**Goal of the exercise**.
Transcribe nothing but the lines from the one with "Mare Kuca Za Odmor Feriehus" to the end of the entries, both included, keeping each exact and leaving every picture out.

[Short descriptive text snippets]
- Opening Delimiter -

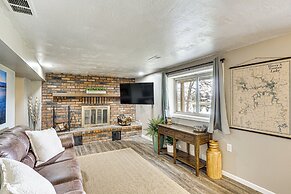 Truman Lake Retreat: Large Deck & On-site Fishing!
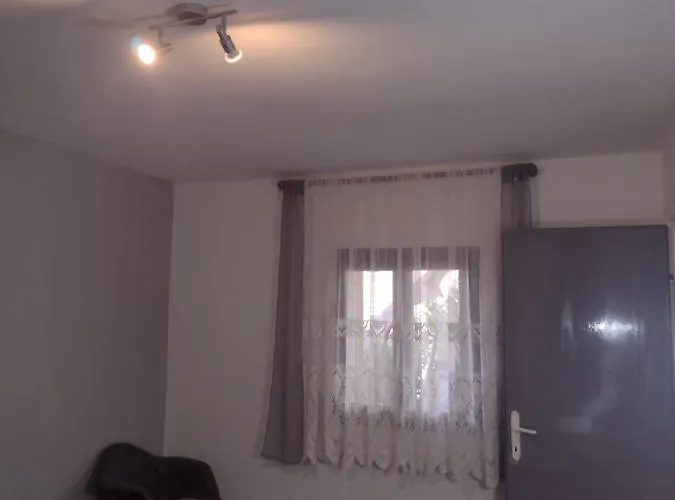 Mare Kuca Za Odmor Feriehus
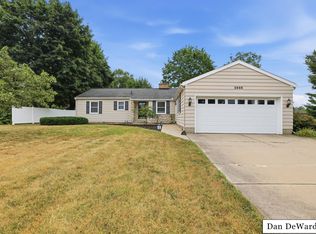 2888 Four Mile Rd NW, Grand Rapids, MI 49544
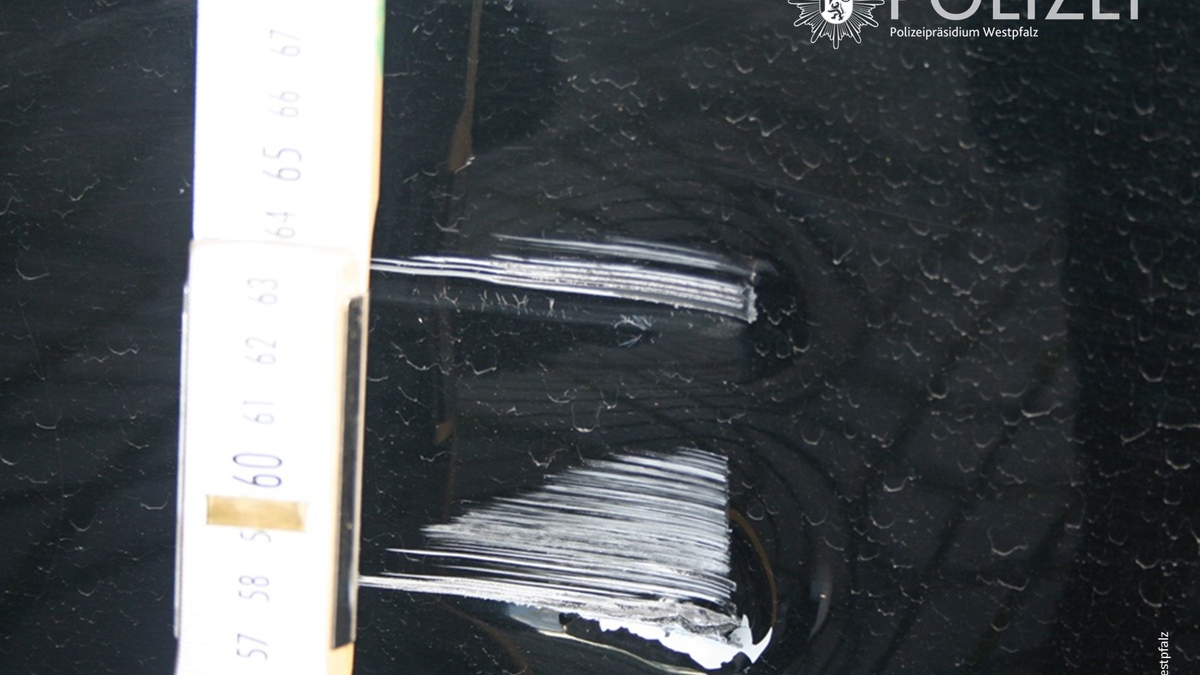 POL-PPWP: BMW gerammt und geflüchtet - Foto: presseportal.de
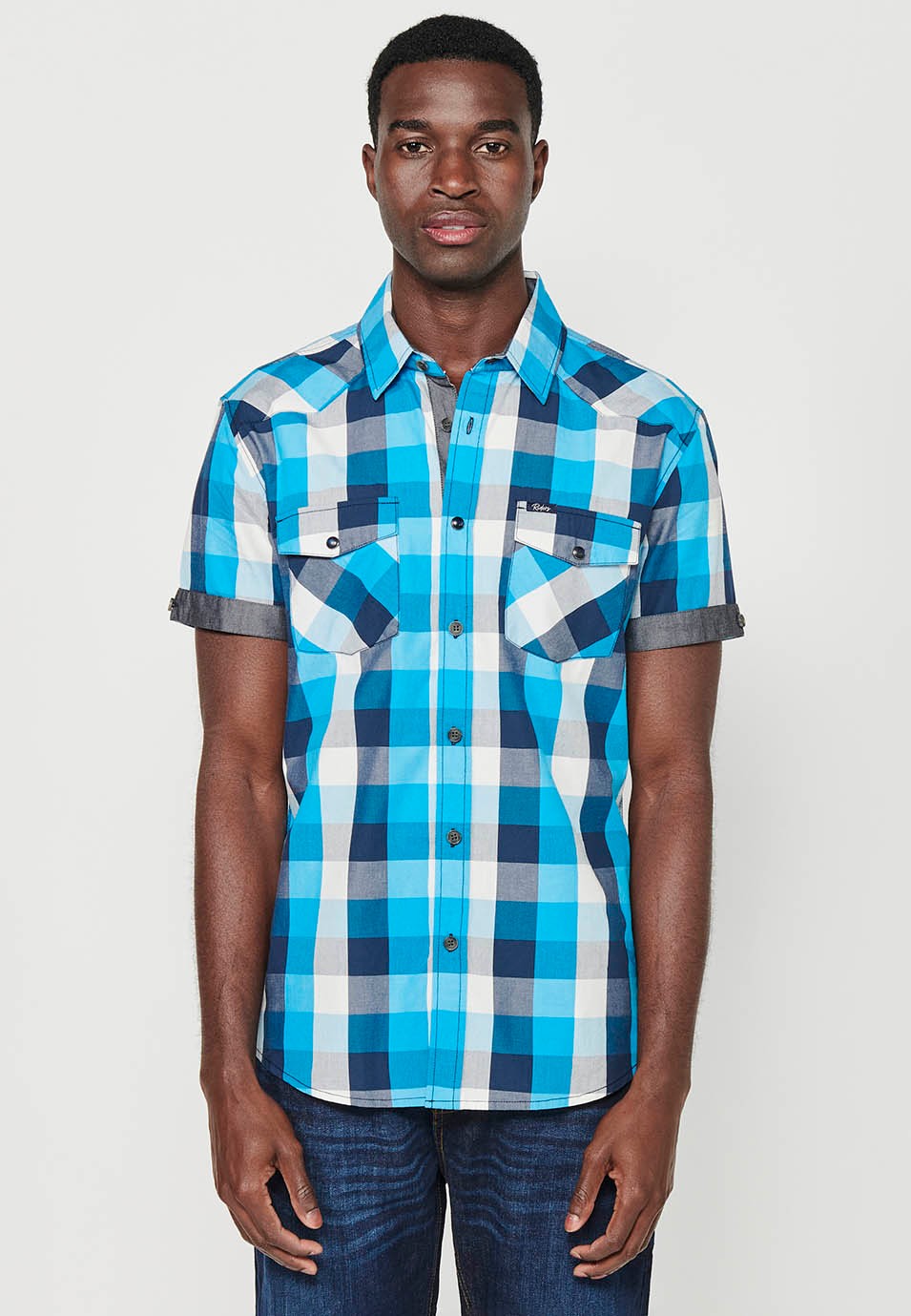 Blue and white checkered cotton short sleeve shirt for men 6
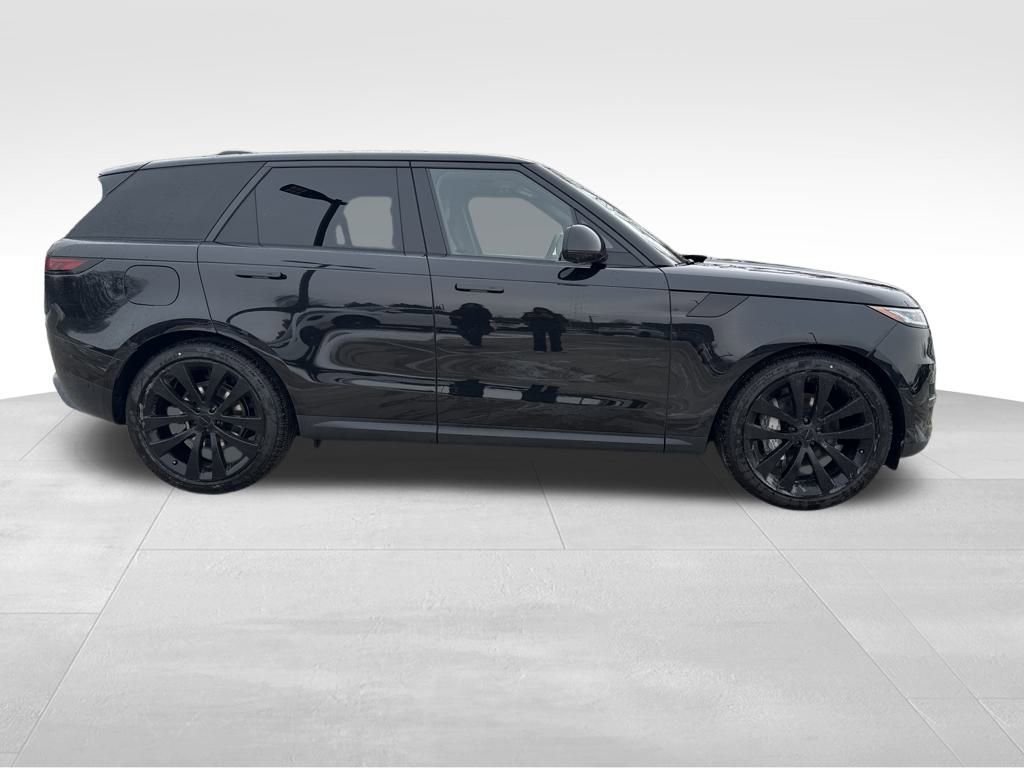 New 2026 Land Rover Range Rover Sport SE image 6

- Closing Delimiter -

**Output of the task**.
 Mare Kuca Za Odmor Feriehus
 2888 Four Mile Rd NW, Grand Rapids, MI 49544
 POL-PPWP: BMW gerammt und geflüchtet - Foto: presseportal.de
 Blue and white checkered cotton short sleeve shirt for men 6
 New 2026 Land Rover Range Rover Sport SE image 6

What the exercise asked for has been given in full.